These techniques have proved valuable in a variety of contexts. In life-course research, for example, research has shown that retirement plans are affected not just by the last year or two of one's life, but instead how one's work and family careers unfolded over a period of several decades. People who followed an "orderly" career path (characterized by consistent employment and gradual ladder-climbing within a single organization) retired earlier than others, including people who had intermittent careers, those who entered the labor force late, as well as those who enjoyed regular employment but who made numerous lateral moves across organizations throughout their careers. [12] In the field of economic sociology, research has shown that firm performance depends not just on a firm's current or recent social network connectedness, but also the durability or stability of their connections to other firms.

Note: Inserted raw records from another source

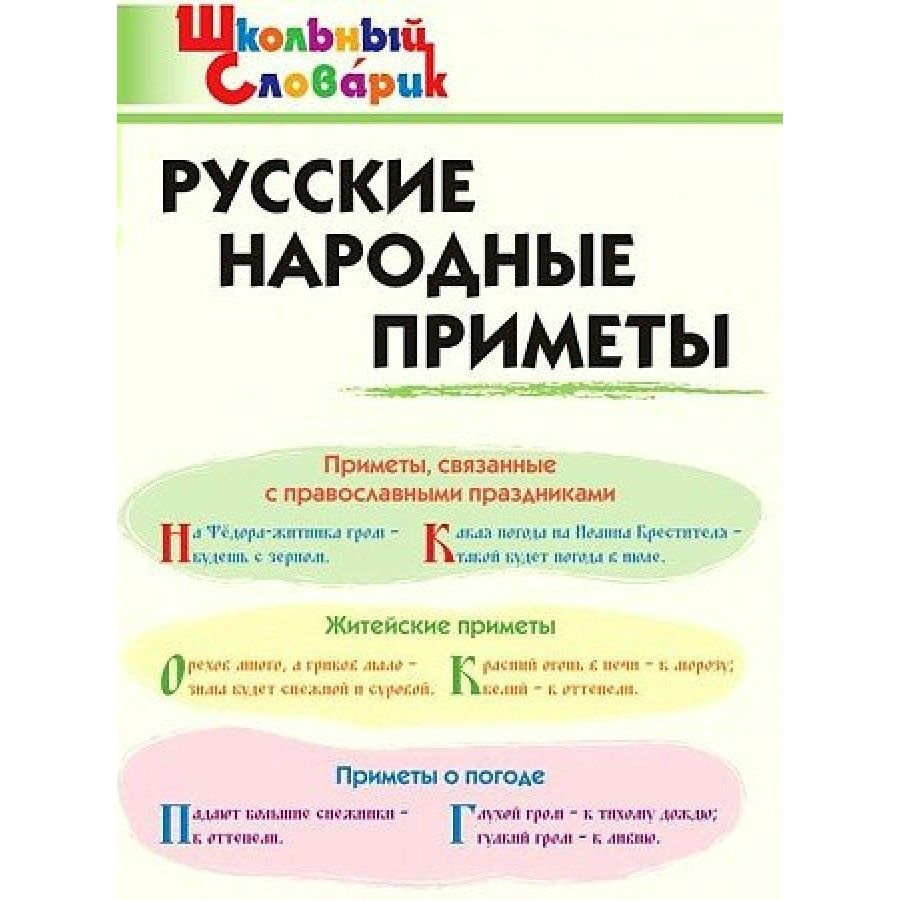 Русские народные приметы. Справочник. нач.шк Жиренко О.Е. - купить с  доставкой по выгодным ценам в интернет-магазине OZON (705053874)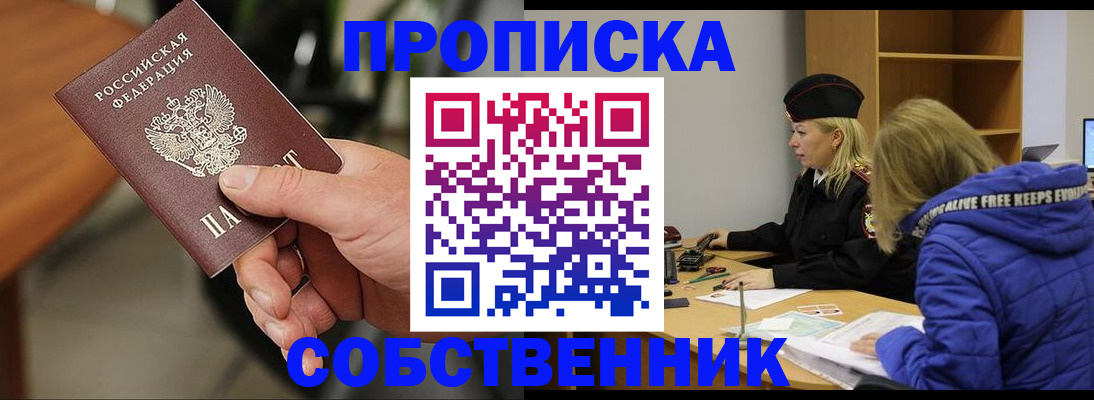 прописка в Симе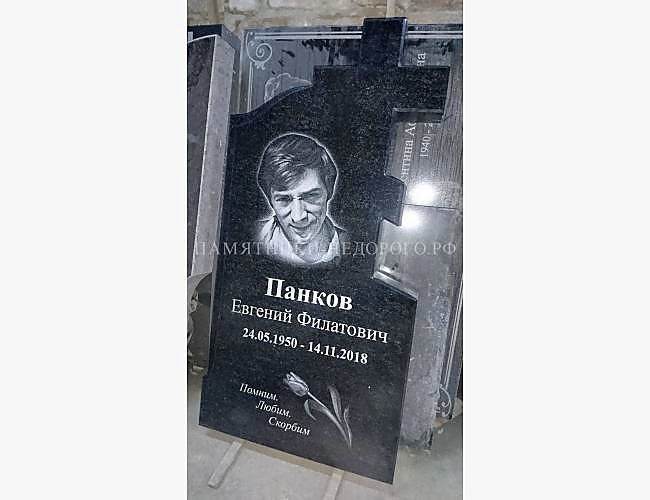 Фото готового православного памятника "Память 1" - фото 2
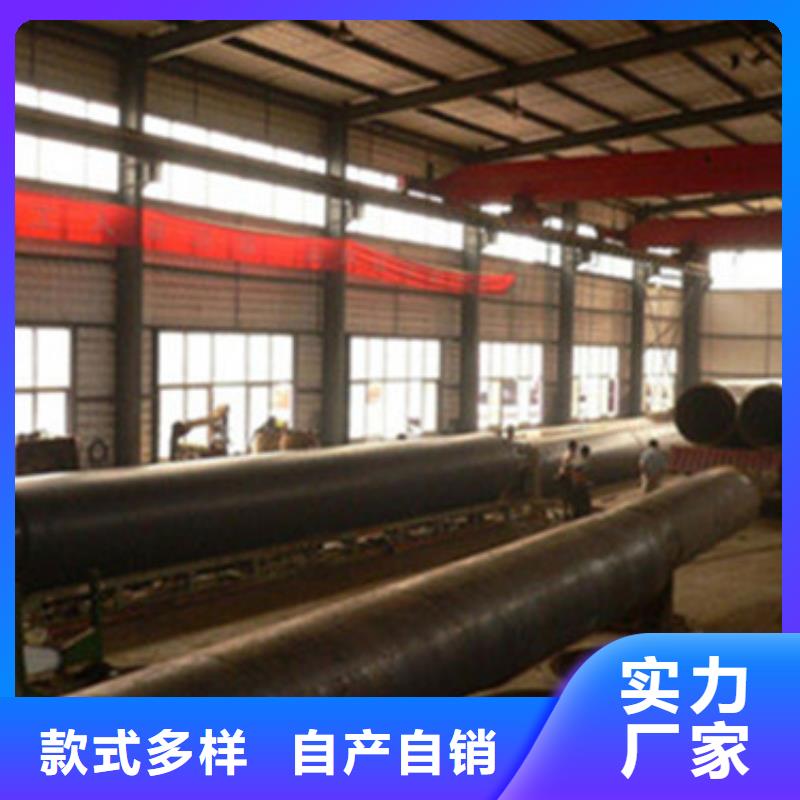 聚乙烯預制保溫管工藝先進
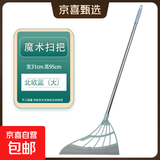 魔术扫把家用扫地扫把不粘头发笤帚扫帚软硅胶拖把卫生间刮水神器 全新升级款魔术扫把【天空蓝】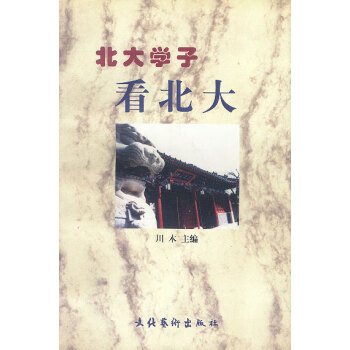 北大學子看北大 北大學子看北大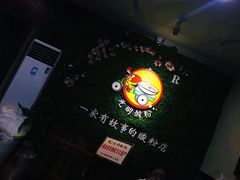 -胡仕光陵水酸粉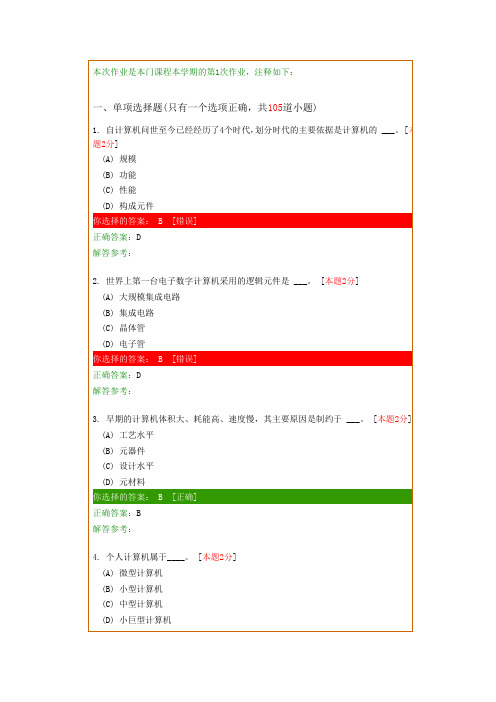 本次作业是本门课程本学期的第1次作业.计算机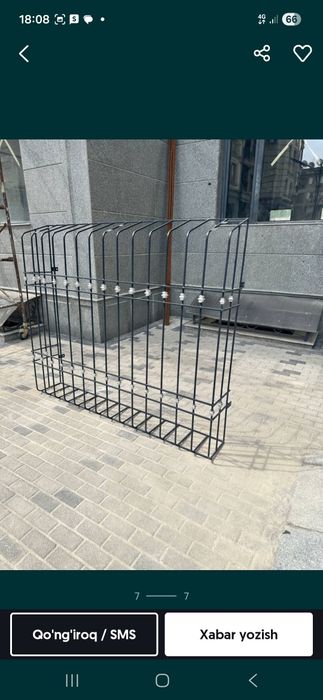 Naves perila rishotka yasiymiza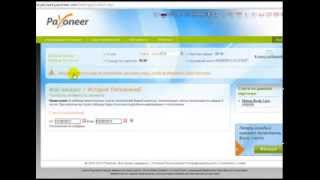 Payoneer активация карты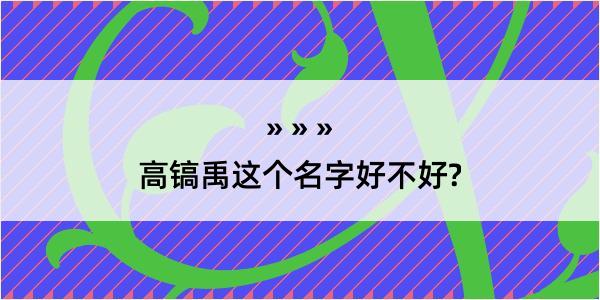 高镐禹这个名字好不好?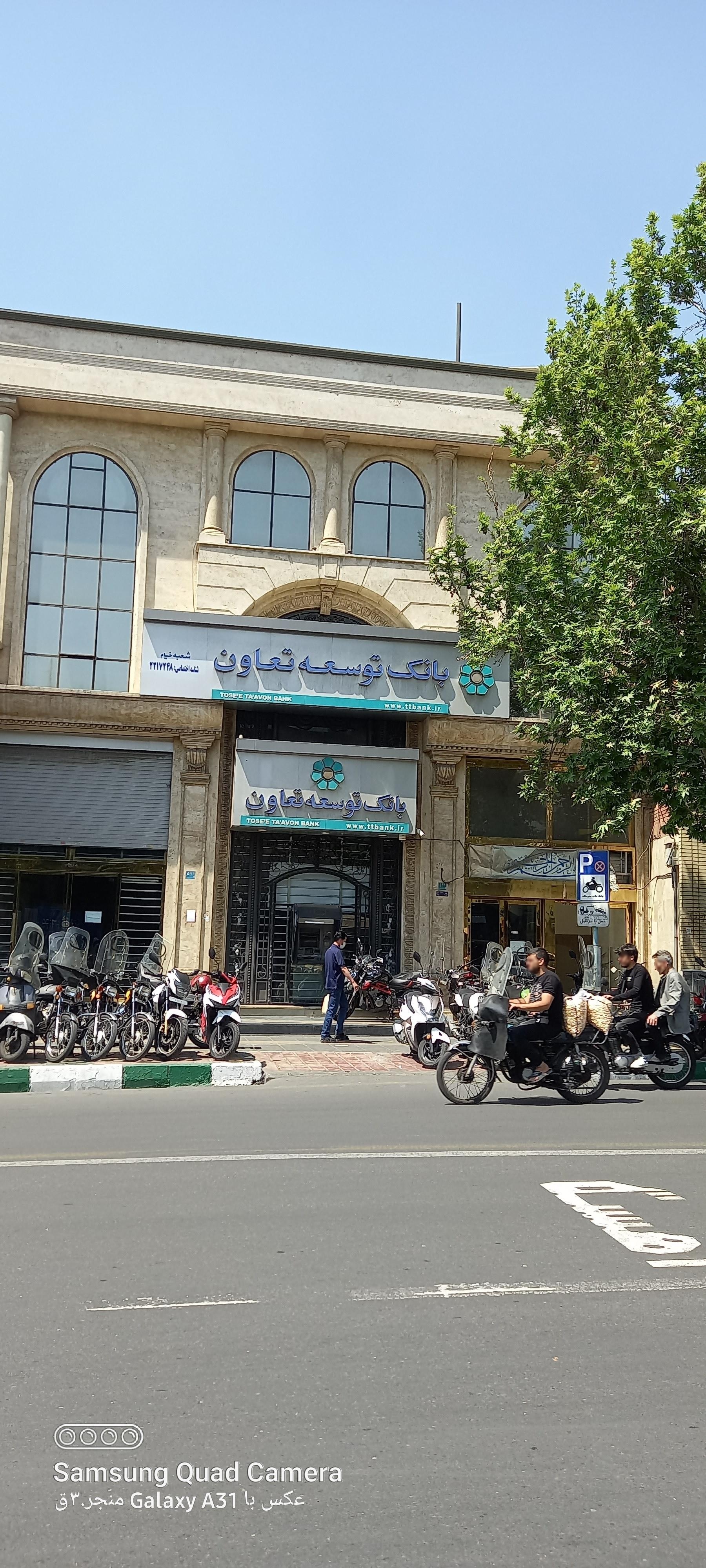 عکس بانک توسعه تعاون شعبه خیام شعبه سنگلج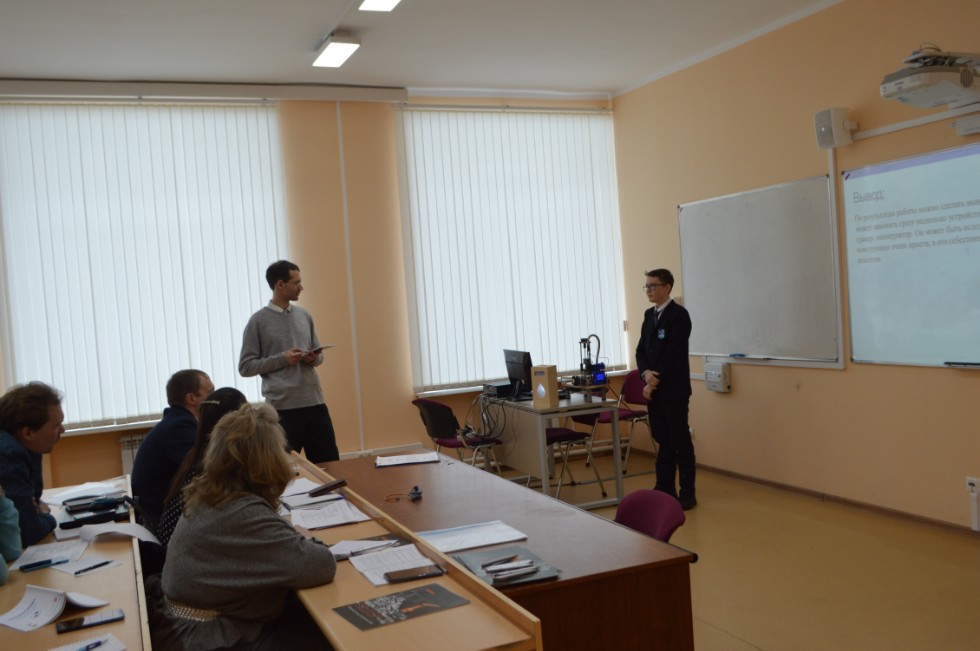 � ���������� ��������� ������ ������ ������ IV ������������� (� ������������� ��������)������� ����������� �������� ����� �.�. ������������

Firms that have more "durably cohesive" ownership network structures attract more foreign investment than less stable or poorly connected structures. [23] Research has also used data on everyday work activity sequences to identify classes of work schedules, finding that the timing of work during the day significantly affects workers' abilities to maintain connections with the broader community, such as through community events. [19] More recently, social sequence analysis has been proposed as a meaningful approach to study trajectories in the domain of creative enterprise, allowing the comparison among the idiosyncrasies of unique creative careers. [129] While other methods for constructing and analyzing whole sequence structure have been developed during the past three decades, including event structure analysis, [117] [118] OM and other sequence comparison methods form the backbone of research on whole sequence structures.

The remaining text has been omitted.